De chaval me encantaba lo de SuperSonic. Nací con la Megadrive, con Sonic y sus aventurillas. Por supuesto, también con Songoku y la nocilla, a tope en “la gallega” (la televisión autonómica de por aquí). Recuerdo que cuando llegó el Sonic 2 y me contaron la posibilidad de hacerlo superguerrero… no me lo creí ¿Cómo iba a ser posible tremendo What the fuck? Pero sí se podía ¡¡Se podía!! Y no sólo uno molaba ocho veces más, sino que podía darle el mando del segundo jugador a su hermano pequeño (¿Qué tal todo, Juli?) y dejarle atrás como si nada. “Parece que Tails no corre tanto, muchachito” “¡Quiero ser supersonic!” “¡¿Quién es el hermano mayor aquí?!”
El truco en cuestión se activaba al pasarse un ratillo por el menú de música.

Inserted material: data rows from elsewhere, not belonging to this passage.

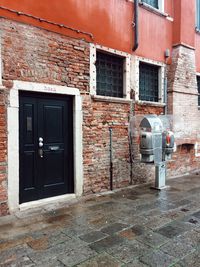 Red door of building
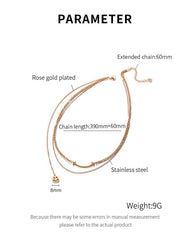 Steel Rose Gold Smile Bar Multi Layered Necklace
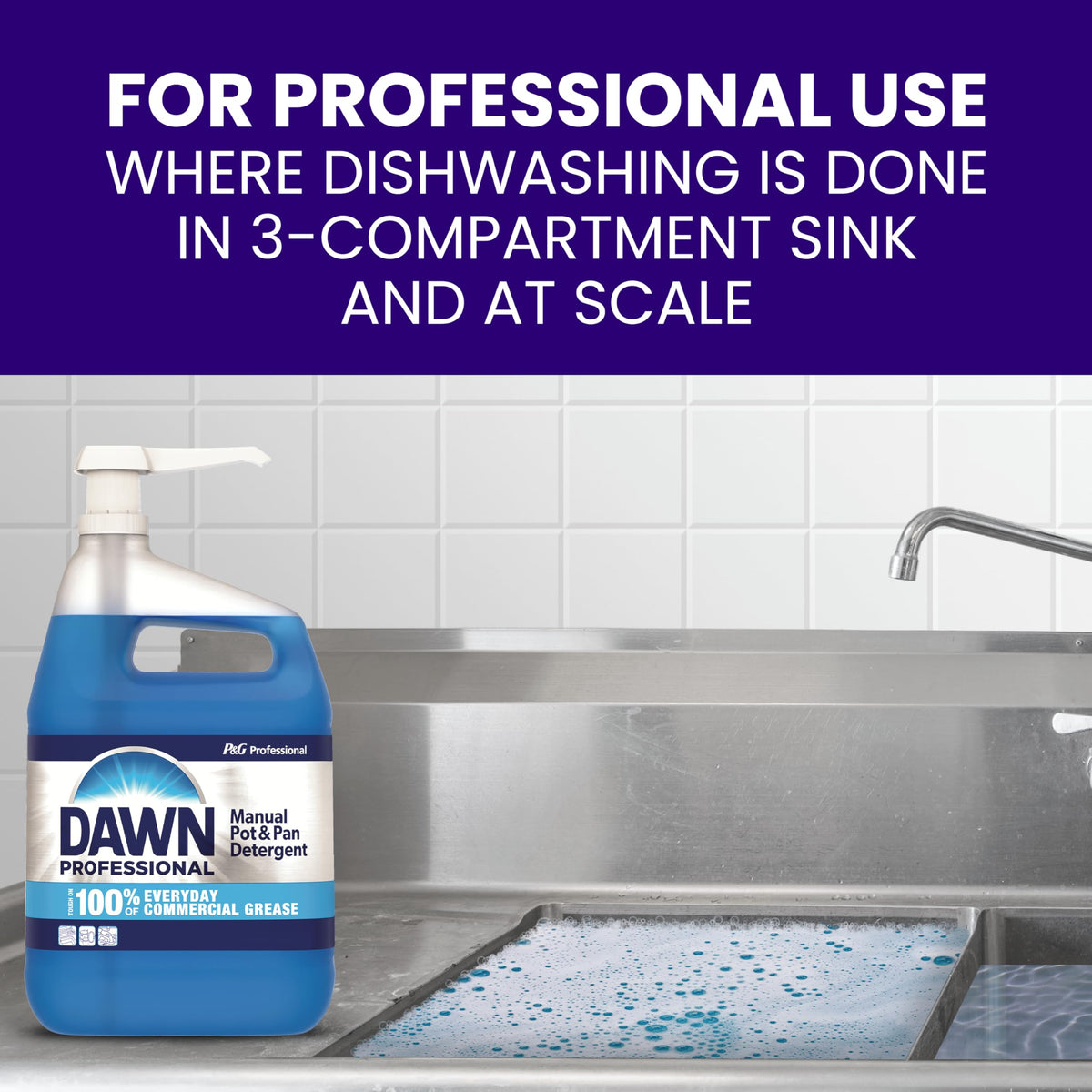 Dawn Professional Manual Pot and Pan Detergent, Bulk Liquid Dish Soap For Commercial Kitchens, For Everyday Grease in 3-Comp Sinks, 2 count (3.78 L Each) with 1 Pump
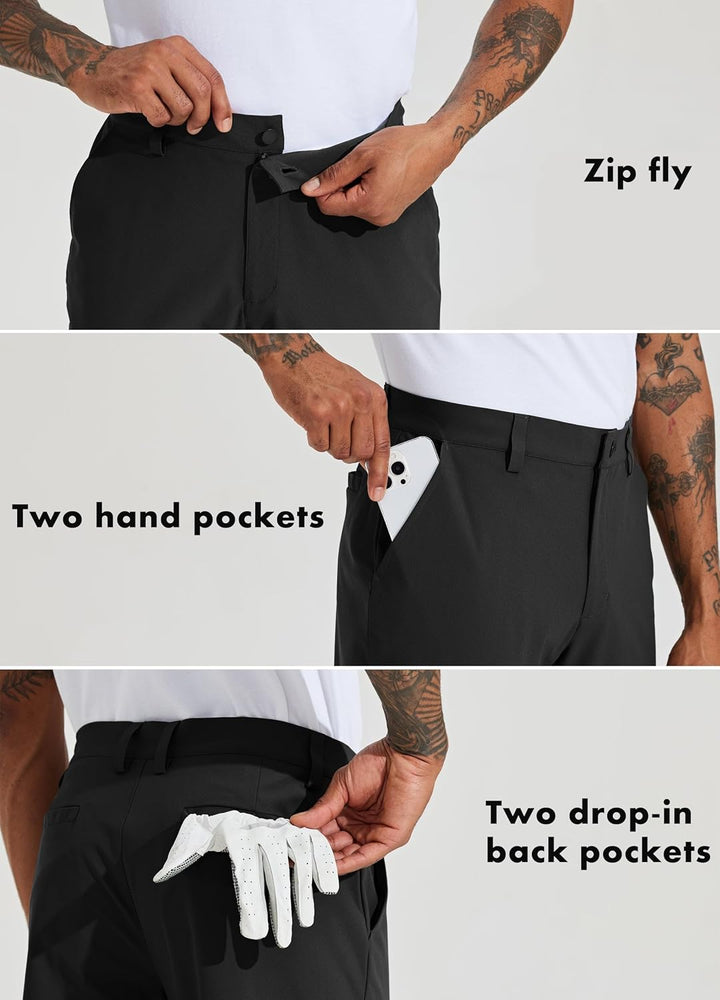 WILLIT Herren Golfhosen Stretch Kleid Hosen Slim Fit Schnelltrockner Casual Arbeitshose Stretchhose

Esa parte anodina de las opciones donde podías escuchar cualquiera de las melodías del juego se transformó, en mi querida Megadrive, en un lugar de paso obligado si querías trucar las leyes del cartucho. Otro por el que transitaba mucho era por las opciones del Shinobi 3. Poniendo los shurikens en cero y eligiendo una melodía determinada, esta nulidad se transformaba en infinito. Pura molonería, puro amor.
La pregunta es ¿Por qué ahora no me interesan los trucos en los juegos?